The number of unique mobile subscribers in APAC is expected to rise to over three billion by 2025, when the region will account for half of all new subscribers globally.

But while mobile is driving growth in digital advertising, with almost 60% of digital ads already delivered through devices, irritation with mobile ads formats is also on the rise. Many users are expressing their mobile-specific discontent through the use of ad blockers, with ad blocking rates nearing 40%.

Advertisers need to review their approach to mobile advertising to not only ride the tide of ad blockers, but to provide a positive user experience that will make users want to engage.

Use formats made for mobile

Poor experiences that lead mobile users to block ads include interruptive formats and slow loading content. Advertisers are often focused on grabbing user attention, leading them to use formats such as pop-ups and interstitials which can be intrusive and annoying, especially on small screens.

To avoid irritating users, advertisers can look for native ad formats that blend seamlessly with the content of the page and deliver the brand message effectively without interrupting the experience. Creatives should be designed specifically for mobile, using formats such as vertical short-form video.

Advertisers can avoid slow loading content, another cause of frustration that can lead to ad blocking, by ensuring their ads are served in units integrated into accelerated mobile pages (AMP).

These stripped back, fast-loading versions of regular web pages deliver content and ads far more quickly, preventing users abandoning mobile web pages.

Tell a story with content and ads

Users see little value in generic, sales-heavy messaging, they want mobile creative to tell an engaging brand story, mixing beneficial content with advertising to deliver an enhanced experience.

Since the outbreak of the Coronavirus pandemic there have been plenty of examples of brands using storytelling to reach out and create an emotive connection through their ad campaigns.

From March to April, Western Union ran a global campaign to raise funds for medical treatment in China and other countries. The simple but effective digital ads read ‘behind every mask there is a heart’ and encouraged people to donate, with Western Union pledging to match public donations.

In Singapore, Gojek launched a campaign called GoHeroes to highlight its support for frontline healthcare workers. It is providing hospitals with Gojek ride vouchers that can be distributed to staff so they can safely travel to and from work.

As part of its Delivering For Good initiative, FedEx ran a campaign called A Journey to China, explaining how its transportation network and logistics resources are used to deliver urgently needed humanitarian aid.

At this time of global crisis, consumers are far more likely to engage with ads that tell a genuine story than with those displaying pushy and generic sales messaging.

Reach mobile users in the right context

In addition to choosing made-for-mobile formats and telling a brand story, advertisers also need to ensure ads reach users in the right context to engage.

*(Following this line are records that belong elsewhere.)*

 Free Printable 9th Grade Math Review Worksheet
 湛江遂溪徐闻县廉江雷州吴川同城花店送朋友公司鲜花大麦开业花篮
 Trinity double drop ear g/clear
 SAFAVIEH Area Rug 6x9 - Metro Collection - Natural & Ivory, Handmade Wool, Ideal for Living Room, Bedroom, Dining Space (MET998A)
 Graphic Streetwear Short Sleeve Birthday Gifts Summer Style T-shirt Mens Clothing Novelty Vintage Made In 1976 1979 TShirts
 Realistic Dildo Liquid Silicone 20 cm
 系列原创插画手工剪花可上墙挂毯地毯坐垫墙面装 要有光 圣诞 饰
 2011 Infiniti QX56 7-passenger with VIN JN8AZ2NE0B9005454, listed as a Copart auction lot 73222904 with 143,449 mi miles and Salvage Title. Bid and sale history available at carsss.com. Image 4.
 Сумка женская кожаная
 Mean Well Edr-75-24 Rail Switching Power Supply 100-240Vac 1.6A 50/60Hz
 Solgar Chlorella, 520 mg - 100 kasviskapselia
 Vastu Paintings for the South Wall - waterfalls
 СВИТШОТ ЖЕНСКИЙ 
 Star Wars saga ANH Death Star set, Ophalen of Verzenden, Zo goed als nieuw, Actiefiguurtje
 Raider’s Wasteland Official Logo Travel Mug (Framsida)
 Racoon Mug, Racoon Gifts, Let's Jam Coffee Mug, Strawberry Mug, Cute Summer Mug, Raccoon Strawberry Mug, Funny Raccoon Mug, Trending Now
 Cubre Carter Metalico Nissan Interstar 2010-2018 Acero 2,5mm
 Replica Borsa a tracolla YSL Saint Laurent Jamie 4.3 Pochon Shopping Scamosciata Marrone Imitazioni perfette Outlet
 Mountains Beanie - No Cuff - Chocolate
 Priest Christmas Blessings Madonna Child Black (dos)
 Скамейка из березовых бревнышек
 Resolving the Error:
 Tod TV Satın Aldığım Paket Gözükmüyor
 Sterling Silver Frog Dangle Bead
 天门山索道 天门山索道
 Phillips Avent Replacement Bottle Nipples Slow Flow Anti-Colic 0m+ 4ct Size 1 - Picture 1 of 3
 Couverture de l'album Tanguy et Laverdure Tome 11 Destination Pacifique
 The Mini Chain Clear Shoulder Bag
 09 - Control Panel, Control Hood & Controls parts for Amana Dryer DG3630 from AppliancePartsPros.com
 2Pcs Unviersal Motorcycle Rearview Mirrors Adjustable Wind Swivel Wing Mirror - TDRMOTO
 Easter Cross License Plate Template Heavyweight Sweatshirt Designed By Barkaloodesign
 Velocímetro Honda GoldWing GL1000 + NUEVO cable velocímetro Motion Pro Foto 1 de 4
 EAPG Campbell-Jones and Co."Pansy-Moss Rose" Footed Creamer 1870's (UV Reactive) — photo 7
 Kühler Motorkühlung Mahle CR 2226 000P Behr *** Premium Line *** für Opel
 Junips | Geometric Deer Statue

One way to do this is to use contextual targeting, analyzing the user’s activity to understand what they are reading, browsing and clicking on, and then delivering an optimal combination of relevant ads and content, ultimately maximizing the chances of engagement.

In addition, advertisers can also use machine-learning powered brand safety filters to ensure their ads are placed in an appropriate context.

As phones continues to grow it gives advertisers the chance to connect with users on a personal level. To make the most of this opportunity, advertisers must adopt a made-for-mobile mindset, exploring the most effective formats, ensuring their messaging tells an engaging story and targeting ads to relevant and appropriate contexts where users are ready to interact.